[erlang-questions] How to detect or be alerted of faults in distributed Erlang systems?

Thu May 19 12:29:07 CEST 2016

On Thursday 19 May 2016 12:12:18 Stefan Hellkvist wrote:
> Hello, 
> 
> Does anyone have any recommendations of tools or ways of working to share about how you detect or be alerted of faults on a global level in a distributed Erlang system? 
> 
> The reason why I ask is that I had a trivial fault in a gen_server where one of the handle_cast clauses had a missing {noreply, State} at the end of the clause, so whenever this message arrived at the gen_server the gen_server crashed because of the bad return value from the handle_cast clause. Unfortunately, due to the automatic restart of the gen_server, this went unnoticed for some time because all the actions in the clause was executing well and the message in particular was not very frequent, so the tests run on system level passed (although the restart did have some slight performance effects when occurring).
> 
> This should’ve of course been caught in a unit tests but this clause was sadly not unit tested. The error was of course clearly reported in the report.log of the node in question but since there were so many nodes in the system and since I am obviously not aware of the process for collecting errors like this (and report them somewhere) I failed to see this in this particular report.log. Until today...
> 
> So what I am looking for is advice or tools (perhaps it is even part of OTP?) on how to detect such failures on any node at some central point. All the nodes, even if they are all Erlang nodes, are not necessarily connected with every other node though, so it would be good to have a tool that does not depend on the nodes being connected. 

Hi, Stefan.

I think you'll probably get a million good specific recommendations here -- but I'll explain the two most frequent general cases I've seen:

1- Your organization's sysop people already have some monitoring framework for errors and your system just isn't sending data to them. (Like Sentry or whatever.)
2- Your organization has some log analysis jobs that extract some aggregate usage history in addition to highlighting error conditions reported in log messages -- but errors produced by your application just aren't in the rules yet.

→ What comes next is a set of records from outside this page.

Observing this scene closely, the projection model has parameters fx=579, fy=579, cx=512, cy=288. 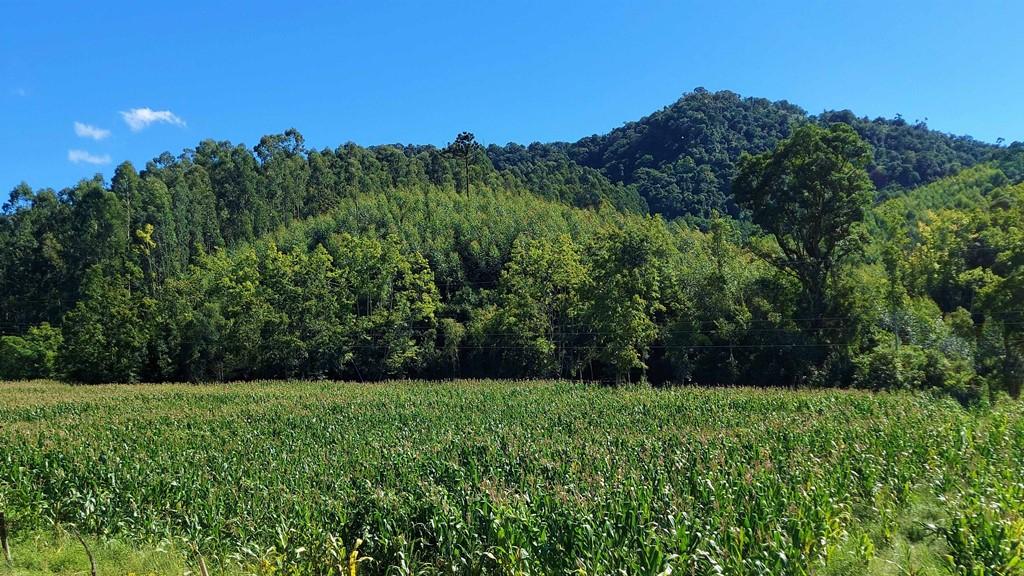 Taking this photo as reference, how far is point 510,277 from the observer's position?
4497cm

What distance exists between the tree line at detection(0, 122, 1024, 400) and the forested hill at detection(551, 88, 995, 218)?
44.9 feet

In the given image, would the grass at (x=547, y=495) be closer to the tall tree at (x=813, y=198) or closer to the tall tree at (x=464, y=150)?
the tall tree at (x=813, y=198)

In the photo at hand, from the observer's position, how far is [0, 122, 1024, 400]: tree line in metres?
33.0

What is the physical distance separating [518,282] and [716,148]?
69.8m

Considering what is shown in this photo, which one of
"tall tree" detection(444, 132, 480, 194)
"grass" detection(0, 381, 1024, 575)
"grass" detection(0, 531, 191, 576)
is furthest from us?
"tall tree" detection(444, 132, 480, 194)

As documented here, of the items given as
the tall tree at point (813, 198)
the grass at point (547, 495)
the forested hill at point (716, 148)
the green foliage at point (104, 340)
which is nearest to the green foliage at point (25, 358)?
the green foliage at point (104, 340)

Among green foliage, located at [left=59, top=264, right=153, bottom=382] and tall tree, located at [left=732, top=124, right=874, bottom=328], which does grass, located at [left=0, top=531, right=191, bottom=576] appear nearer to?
tall tree, located at [left=732, top=124, right=874, bottom=328]

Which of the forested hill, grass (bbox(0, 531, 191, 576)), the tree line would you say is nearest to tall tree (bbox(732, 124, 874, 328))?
the tree line

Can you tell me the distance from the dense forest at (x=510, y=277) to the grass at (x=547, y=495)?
15.7 metres

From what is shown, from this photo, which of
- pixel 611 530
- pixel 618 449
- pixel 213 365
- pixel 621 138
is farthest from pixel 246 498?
pixel 621 138

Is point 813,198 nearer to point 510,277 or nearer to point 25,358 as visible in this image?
point 510,277

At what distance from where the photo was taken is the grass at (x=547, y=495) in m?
7.05

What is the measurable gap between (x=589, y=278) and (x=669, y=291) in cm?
562

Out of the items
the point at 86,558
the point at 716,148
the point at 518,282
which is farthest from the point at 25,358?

For systems running in a pre-existing infrastructure or any significantly large system one (or both) of these has always been the case for me -- so after a discussion with a sysop the task becomes one of integration, not standing up a new service.

For smaller systems, though, or totally self-contained ones it can be possible that you might not even see logs for months and have no way to analyze them. In this case (assuming the systems are networked, at least intermittently) having them pass at least error logs to a central logging service can be a big benefit (in this I'm thinking specifically of some meterological systems I once dealt with that were scattered around a large geographical area, but did actually have some low-bandwidth network access).

As far as a sigle go-to recommendation ("Install The All New WhizzlePop Error Genie App (FOR ERLANG!!1!) and all your troubles will be a distant memory!")... I don't have one. There has always been some log analysis utility already sitting around somewhere, and I've only needed to make sure my system was integrating with it (a task I'll be dealing with next week all over again, in fact).

-Craig